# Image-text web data

■ ■ ■ ■

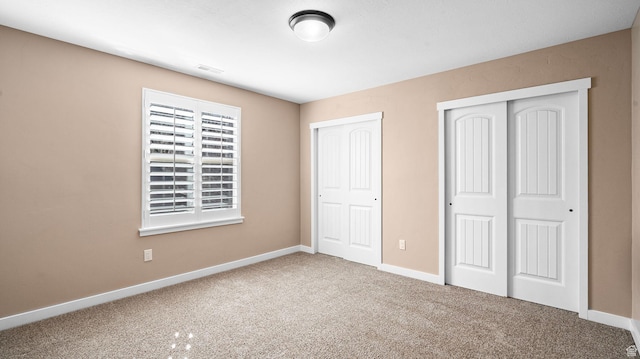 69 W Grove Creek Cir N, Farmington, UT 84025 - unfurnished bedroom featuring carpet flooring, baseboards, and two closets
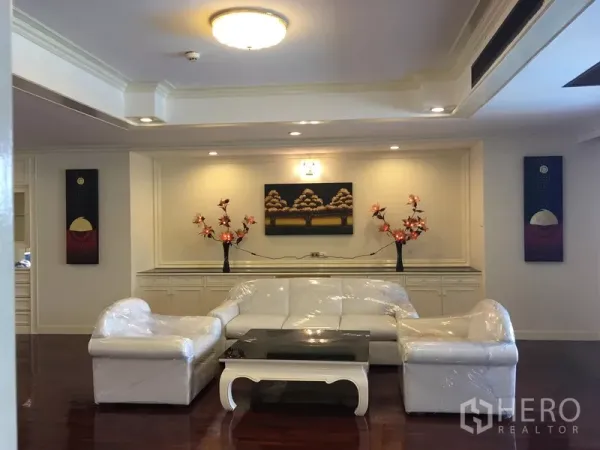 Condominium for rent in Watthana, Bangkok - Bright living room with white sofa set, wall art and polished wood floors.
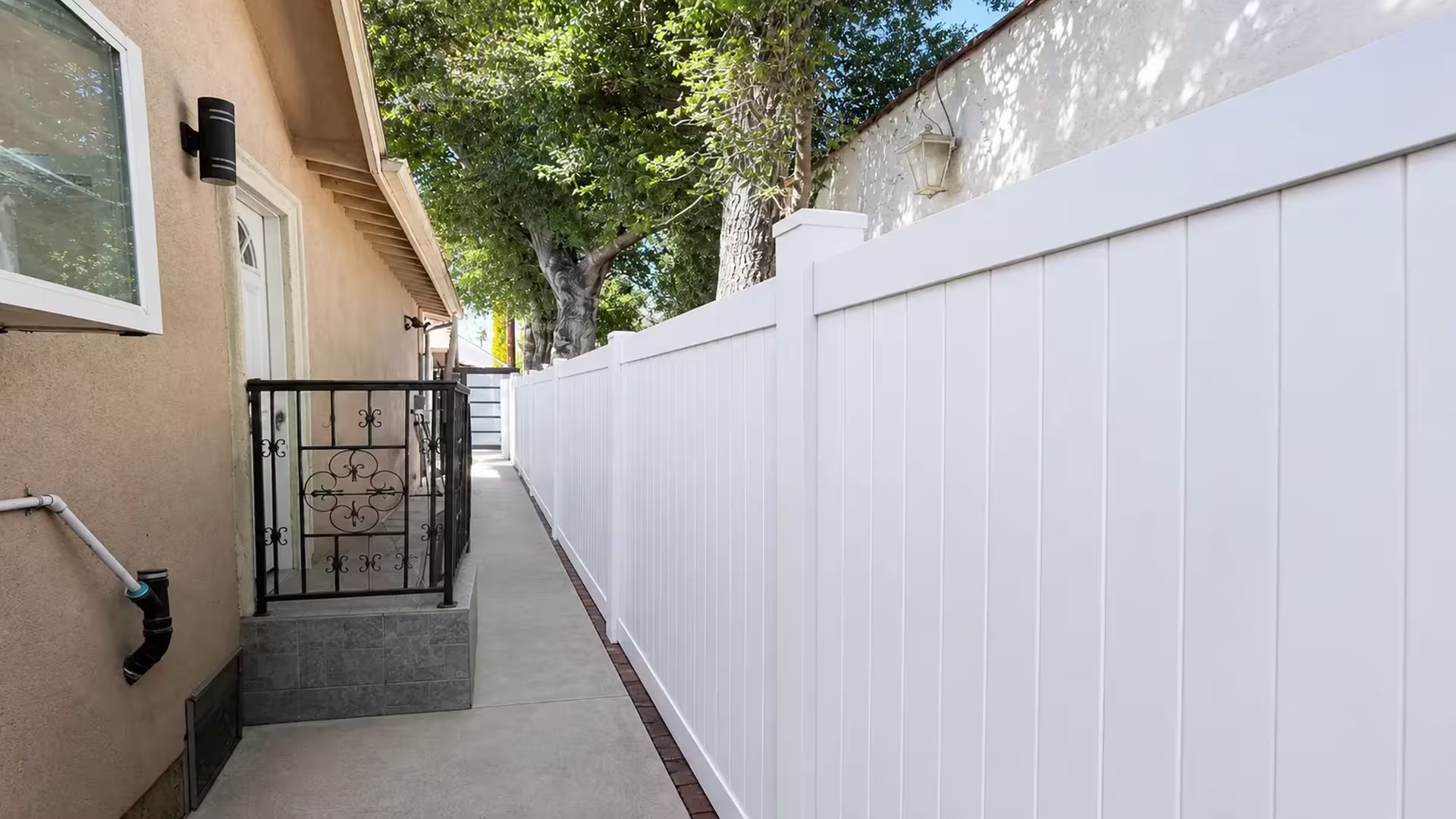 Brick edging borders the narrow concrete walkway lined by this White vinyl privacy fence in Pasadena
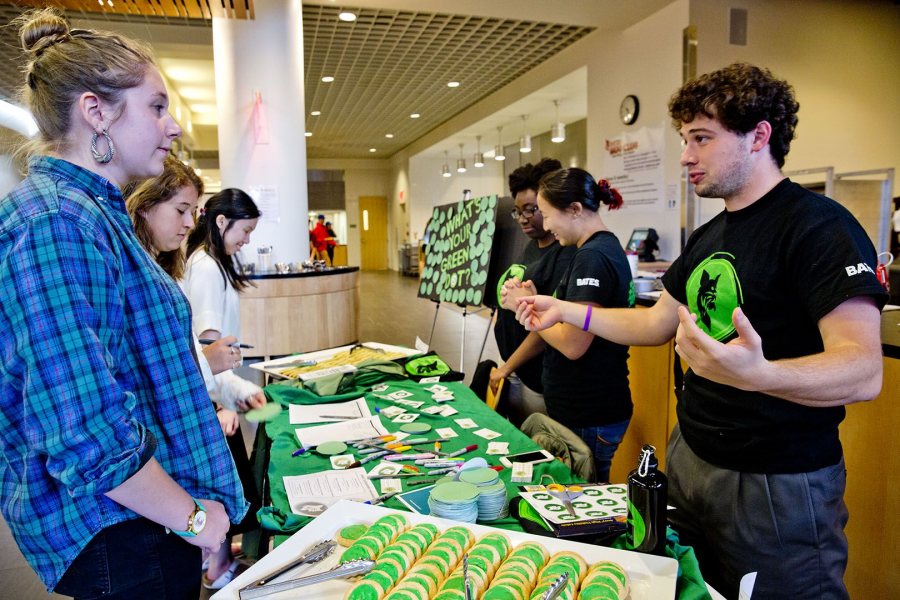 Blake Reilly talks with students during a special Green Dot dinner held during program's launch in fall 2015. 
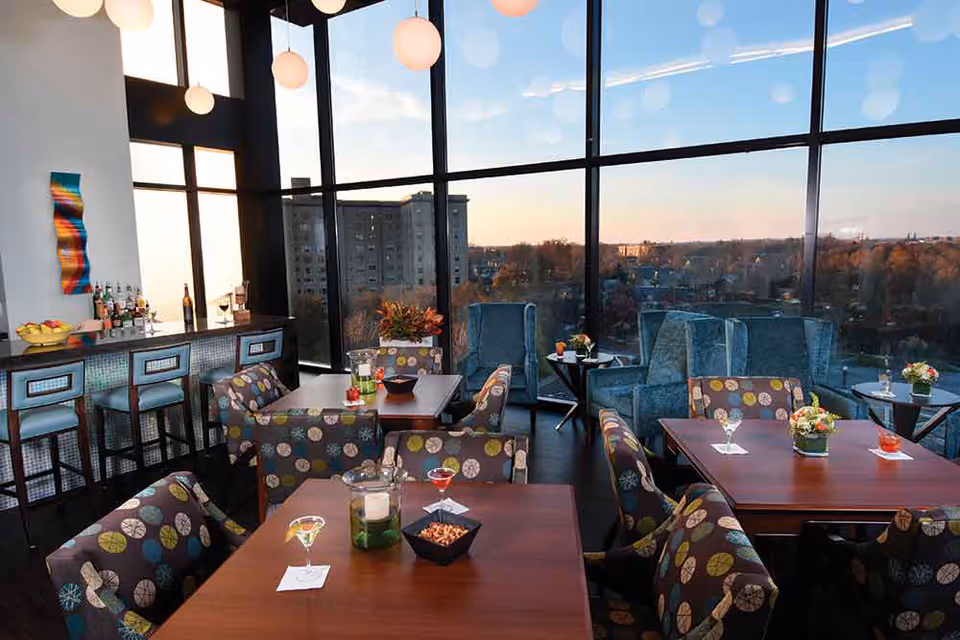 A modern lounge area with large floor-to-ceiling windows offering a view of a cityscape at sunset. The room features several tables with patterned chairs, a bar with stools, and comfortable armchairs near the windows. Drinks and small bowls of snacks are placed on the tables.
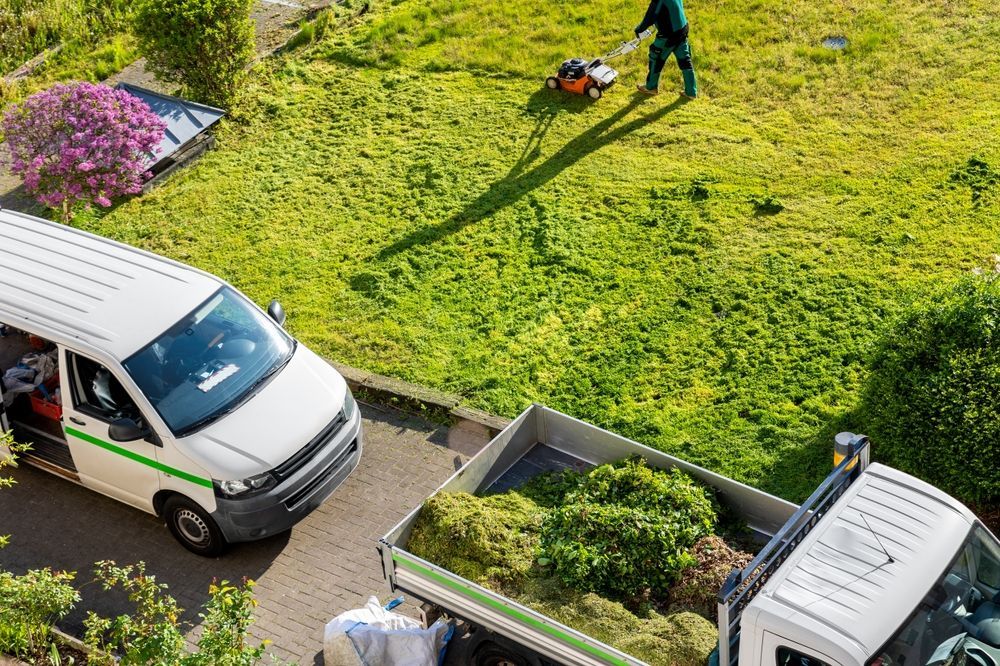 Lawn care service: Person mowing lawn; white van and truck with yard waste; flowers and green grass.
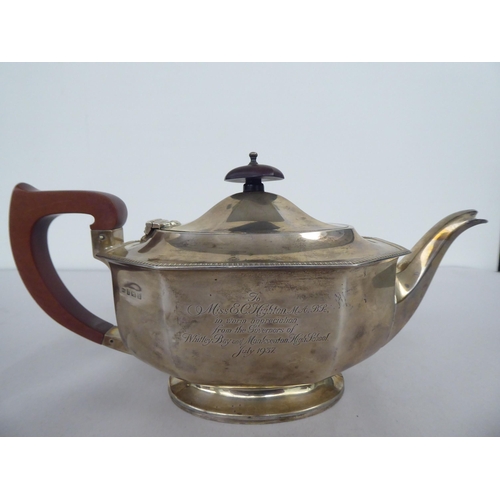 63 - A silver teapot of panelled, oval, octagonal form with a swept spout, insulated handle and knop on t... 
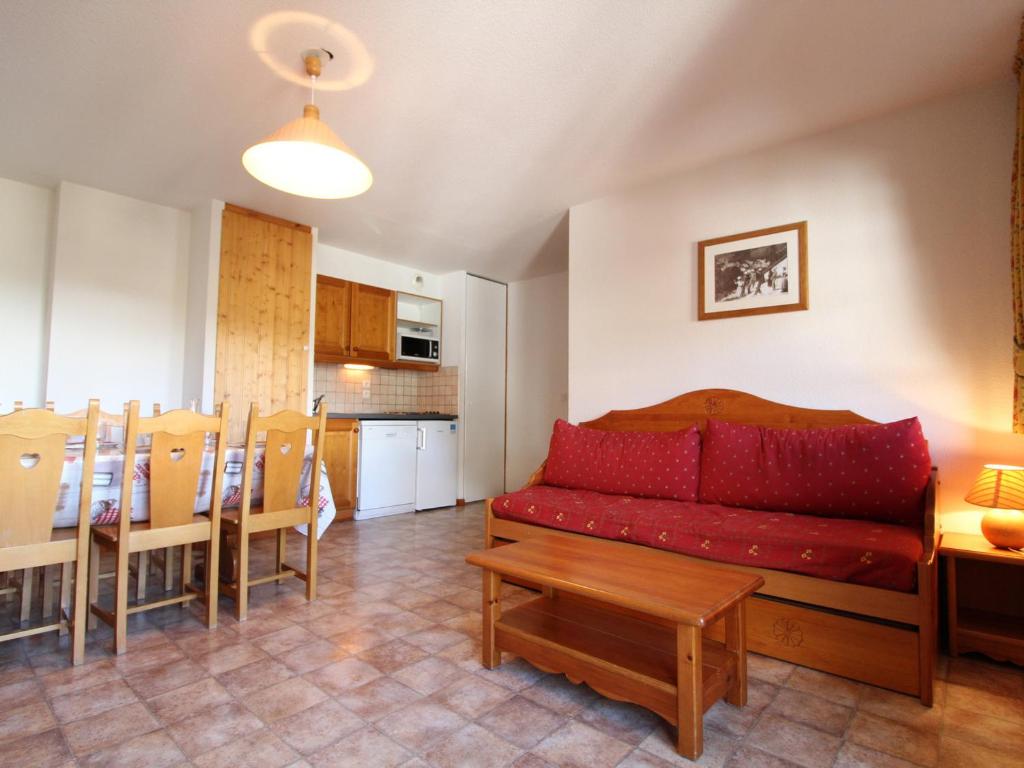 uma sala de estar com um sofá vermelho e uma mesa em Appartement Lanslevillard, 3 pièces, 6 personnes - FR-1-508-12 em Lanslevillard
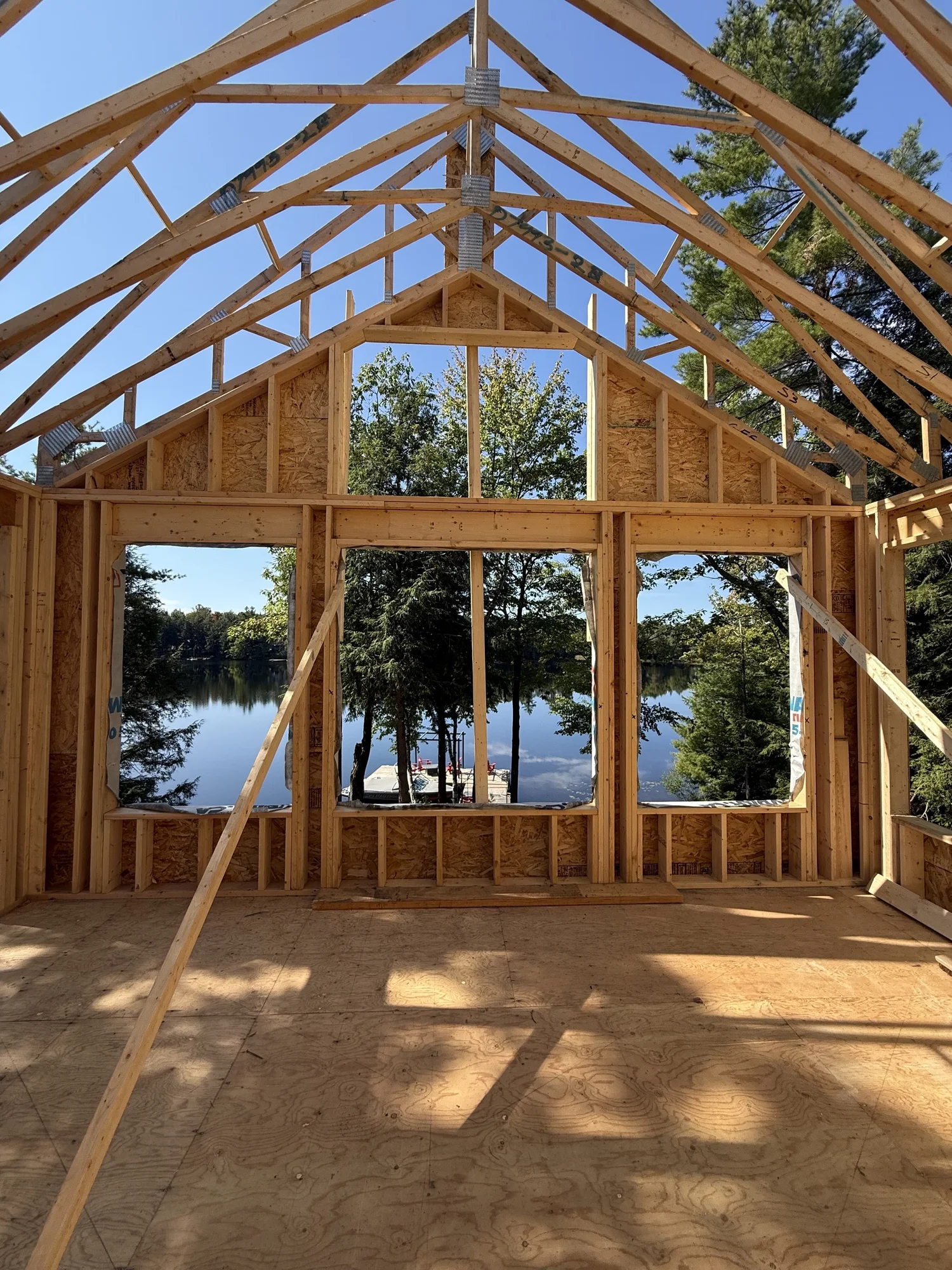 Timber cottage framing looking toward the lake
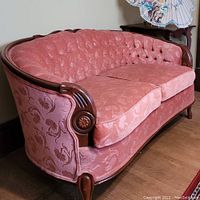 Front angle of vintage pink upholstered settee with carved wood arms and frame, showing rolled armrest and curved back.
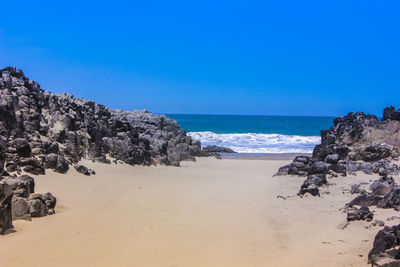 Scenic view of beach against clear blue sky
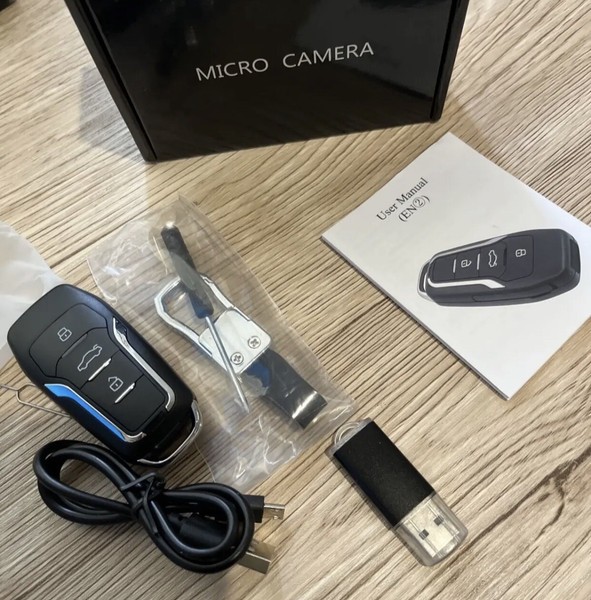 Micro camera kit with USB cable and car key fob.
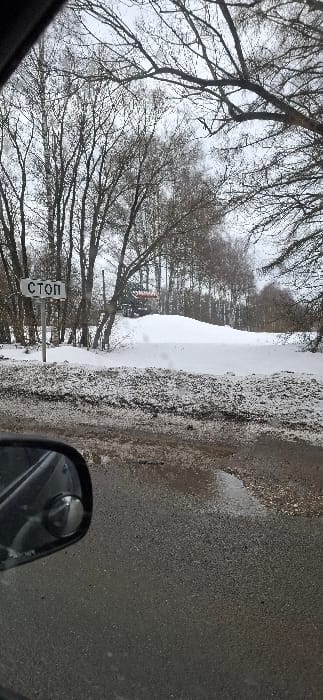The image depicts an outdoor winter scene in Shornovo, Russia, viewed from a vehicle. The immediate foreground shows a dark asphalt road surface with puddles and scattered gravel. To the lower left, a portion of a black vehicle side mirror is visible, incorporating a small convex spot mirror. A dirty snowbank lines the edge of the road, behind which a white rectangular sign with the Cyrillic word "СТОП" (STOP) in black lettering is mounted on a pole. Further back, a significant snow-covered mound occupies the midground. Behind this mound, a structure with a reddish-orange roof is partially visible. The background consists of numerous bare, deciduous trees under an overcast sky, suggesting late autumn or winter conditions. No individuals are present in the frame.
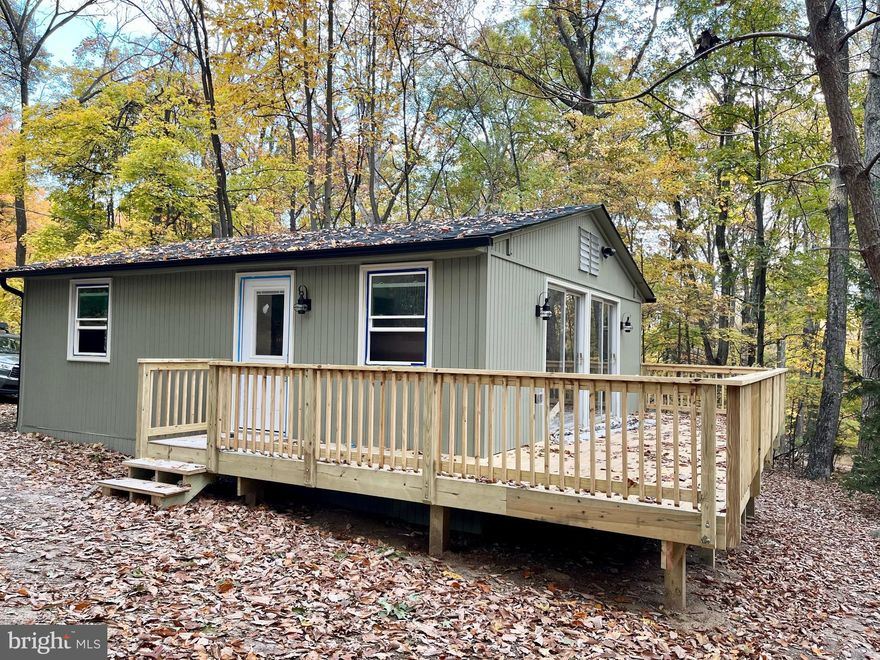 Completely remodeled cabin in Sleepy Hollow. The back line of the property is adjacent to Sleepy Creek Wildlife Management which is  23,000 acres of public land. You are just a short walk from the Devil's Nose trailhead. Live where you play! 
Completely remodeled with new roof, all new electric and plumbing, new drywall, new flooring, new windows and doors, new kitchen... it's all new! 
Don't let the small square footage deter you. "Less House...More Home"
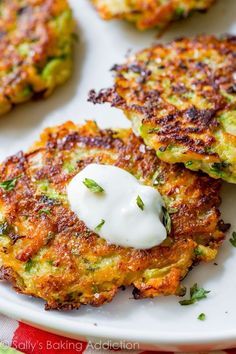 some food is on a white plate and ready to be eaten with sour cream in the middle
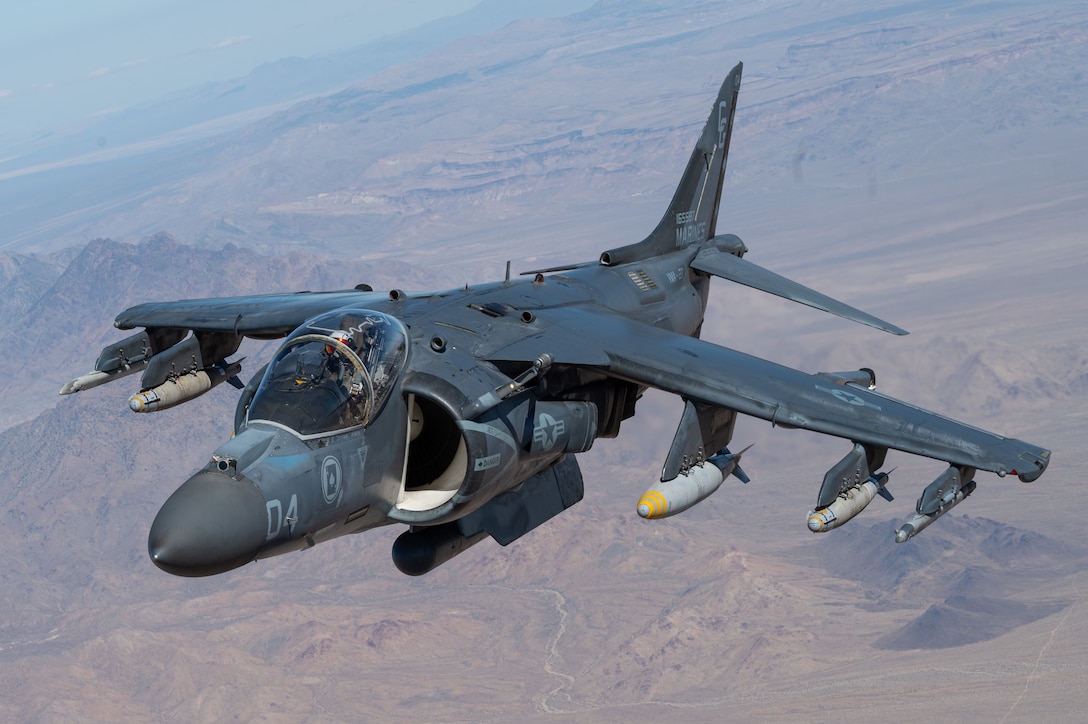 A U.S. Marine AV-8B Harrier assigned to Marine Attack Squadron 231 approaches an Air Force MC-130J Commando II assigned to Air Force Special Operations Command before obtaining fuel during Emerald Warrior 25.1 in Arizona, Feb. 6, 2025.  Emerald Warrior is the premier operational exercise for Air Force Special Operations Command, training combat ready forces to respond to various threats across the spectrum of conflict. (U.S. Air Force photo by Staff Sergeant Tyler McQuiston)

■ ■ ■ ■

# Assignment
An exact copy is needed. It runs from the line above containing "Lawn care service: Person" down to the line containing "some food is", both included, with no pictures.

# Answer to this exercise
 Lawn care service: Person mowing lawn; white van and truck with yard waste; flowers and green grass.
 63 - A silver teapot of panelled, oval, octagonal form with a swept spout, insulated handle and knop on t... 
 uma sala de estar com um sofá vermelho e uma mesa em Appartement Lanslevillard, 3 pièces, 6 personnes - FR-1-508-12 em Lanslevillard
 Timber cottage framing looking toward the lake
 Front angle of vintage pink upholstered settee with carved wood arms and frame, showing rolled armrest and curved back.
 Scenic view of beach against clear blue sky
 Micro camera kit with USB cable and car key fob.
The image depicts an outdoor winter scene in Shornovo, Russia, viewed from a vehicle. The immediate foreground shows a dark asphalt road surface with puddles and scattered gravel. To the lower left, a portion of a black vehicle side mirror is visible, incorporating a small convex spot mirror. A dirty snowbank lines the edge of the road, behind which a white rectangular sign with the Cyrillic word "СТОП" (STOP) in black lettering is mounted on a pole. Further back, a significant snow-covered mound occupies the midground. Behind this mound, a structure with a reddish-orange roof is partially visible. The background consists of numerous bare, deciduous trees under an overcast sky, suggesting late autumn or winter conditions. No individuals are present in the frame.
 Completely remodeled cabin in Sleepy Hollow. The back line of the property is adjacent to Sleepy Creek Wildlife Management which is  23,000 acres of public land. You are just a short walk from the Devil's Nose trailhead. Live where you play! 
Completely remodeled with new roof, all new electric and plumbing, new drywall, new flooring, new windows and doors, new kitchen... it's all new! 
Don't let the small square footage deter you. "Less House...More Home"
 some food is on a white plate and ready to be eaten with sour cream in the middle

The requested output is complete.